Selon la professeure, "trois types d’actions ont été menées pour la mixité en France". Premièrement, la rénovation urbaine et la politique de la ville. "Après 30 ans de dispositifs, on ne peut pas dire qu’on a réduit les écarts territoriaux. Sauf là où le marché était de toute façon en passe de le faire". Avec l’Anru, on a même "reconcentré les pauvres là où ils pouvaient se loger". A l’inverse de l’objectif affiché. Pourquoi ? Parce qu’il a été difficile, dans certains quartiers, de construire autre chose que du logement social, les promoteurs ayant du mal à investir ces lieux.

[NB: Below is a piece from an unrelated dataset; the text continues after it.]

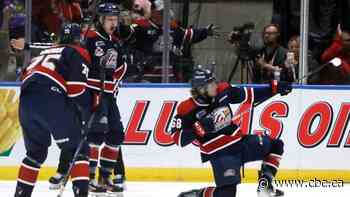Saginaw Spirit rout Moose Jaw Warriors to set up Memorial Cup final vs. London Knights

Et que les villes avec des populations dans le besoin ont continué de construire du social, pour les loger.

La construction de HLM dépend de la "bonne volonté des maires"

L’autre versant de la rénovation urbaine, c’est l’obligation pour les communes riches de construire des HLM. Et là, "la loi SRU a plutôt bien rempli ses objectifs de mixité… sur le papier". Stéphanie Vermeersch, directrice de recherche au CNRS et membre du comité scientifique, explique que ce dispositif dépend encore trop "de la bonne volonté des maires" puisqu’il leur suffit de construire du logement social "pas très social, type PLS, ou résidences pour personnes âgées", et de ne pas accepter de projets de "logements très sociaux pour les familles (PLAI)". 

Enfin, le troisième type d’actions menées concerne, de manière beaucoup plus récente, "le travail sur l’occupation du parc social". Initié notamment avec la loi "Egalité & citoyenneté", adoptée fin 2016, ce travail pourrait obtenir des résultats intéressants, selon Christine Lelévrier. Le projet de loi Elan (Evolution dans le logement, l’aménagement et le numérique), qui sera discuté prochainement, contient un chapitre visant à développer - et à simplifier - le dispositif permettant un pilotage intercommunal des attributions de logements sociaux. 

D’une manière générale, les experts du comité scientifique en sont convaincus : "il ne faut pas attendre des politiques du logement qu’elles résolvent à elles seules des problèmes qui relèvent de la cohésion sociale".